Tourrettes/Frankreich - Die Deadline rückt immer näher, die Streichkandidaten werden vor dem Tag der Wahrheit immer selbstbewusster: "Ich geben in jedem Training Vollgas und werde alles dafür tun, um im endgültigen Kader zu stehen. Natürlich glaube ich daran", sagt Ilkay Gündogan (21).

Der "Double"-Gewinner von Borussia Dortmund war bei der Nominierung des vorläufigen EM-Kaders der deutschen Nationalmannschaft ebenso überraschend dabei wie der Schalker Shootingstar Julian Draxler (18), der nach nur rund einer Woche beim DFB-Team leise seine Ansprüche anmeldet.

Kämpfen um jede Chance



"Der Bundestrainer hat mir bestätigt, dass ich körperlich voll auf der Höhe bin", sagt Draxler: "Ich hätte in den ersten Einheiten einen guten Eindruck gemacht und soll so weitermachen. Natürlich kämpfe ich jetzt um meine Chance." Der dribbelstarke Mittelfeldspieler nimmt sich bei seinem Bemühen einen Rat seines ehemaligen Klubkollegen Raúl zu Herzen: "Er hat mir mit auf den Weg gegeben, dass ich so unbekümmert wie im Verein spielen und den Spaß am Fußball behalten soll."

Sowohl Gündogan als auch Draxler wissen, dass sie am 29. Mai, wenn Bundestrainer Joachim Löw bei der UEFA seinen endgültigen Kader für die EURO in Polen und der Ukraine (8. Juni bis 1. Juli) benennen muss, zu den am meisten gehandelten Streichkandidaten zählen. Drei Feldspielern und einem Torwart aus dem vorläufigen 27-köpfigen Aufgebot muss Löw spätestens dann mitteilen, dass sie am 4. Juni nicht mit nach Danzig fliegen.

Bender-Zwillinge auf der Kippe



"Das wird eine schwere Entscheidung, weil alle ihre Sache sehr gut machen. Wir müssen aber an den Erfolg der Mannschaft denken, da bleibt für Gefühle kein Platz. Aber es tut immer weh, wenn man einen Spieler nach Hause schicken muss", sagt Löw, der nach eigener Aussage noch keine Vorauswahl getroffen hat.
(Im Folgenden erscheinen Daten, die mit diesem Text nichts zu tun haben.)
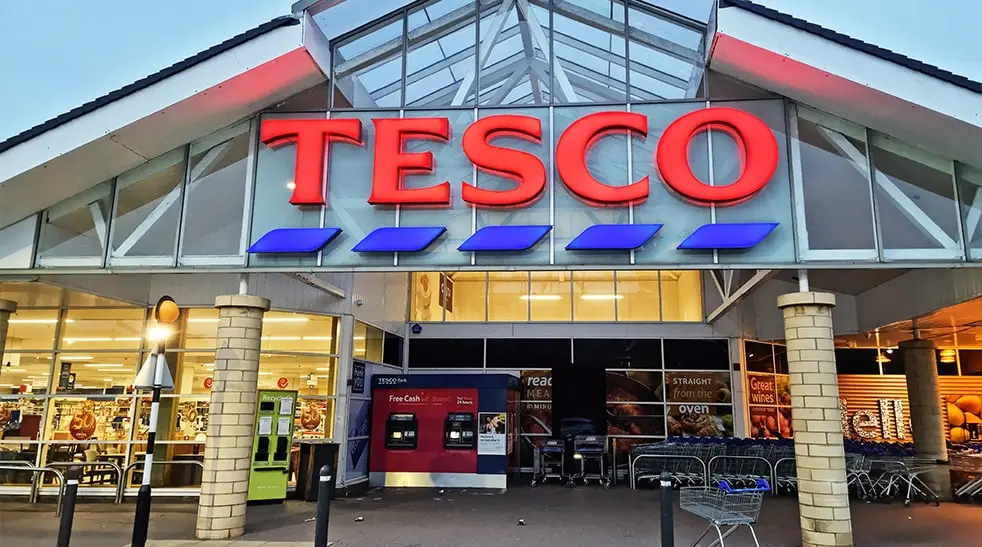 Tesco – Stockage frigorifique.
         Conteneurs frigorifiques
Neben Gündogan und Draxler stehen auch die Zwillinge Sven (Borussia Dortmund) und Lars Bender (23/Bayer Leverkusen) auf der Kippe. "Es wäre ein Traum, wenn wir es beide schaffen würden. Wenn nicht, werde ich meinem Bruder täglich anrufen", sagte Sven mit einem Augenzwinkern. Im Training machen beide Benders eine hervorragenden Eindruck.
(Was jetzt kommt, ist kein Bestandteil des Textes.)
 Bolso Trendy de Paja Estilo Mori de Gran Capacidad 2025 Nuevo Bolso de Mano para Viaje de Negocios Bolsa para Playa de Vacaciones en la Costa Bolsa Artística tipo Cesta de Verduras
Schmelzer hat Ticket nicht sicher



Bangen um seine EM-Fahrkarte muss auch noch Marcel Schmelzer. "Ich werde jedes Training dafür nutzen, dass ich meine Form halten kann und dann beim endgültigen 23er-Kader dabei bin", sagt der BVB-Verteidiger, der natürlich darauf hofft, dass DFB-Kapitän Kapitän Philipp Lahm von Bayern München auch bei der Nationalmannschaft auf der rechten Seite spielt: "Dann möchte ich meine Chance selbstverständlich nutzen."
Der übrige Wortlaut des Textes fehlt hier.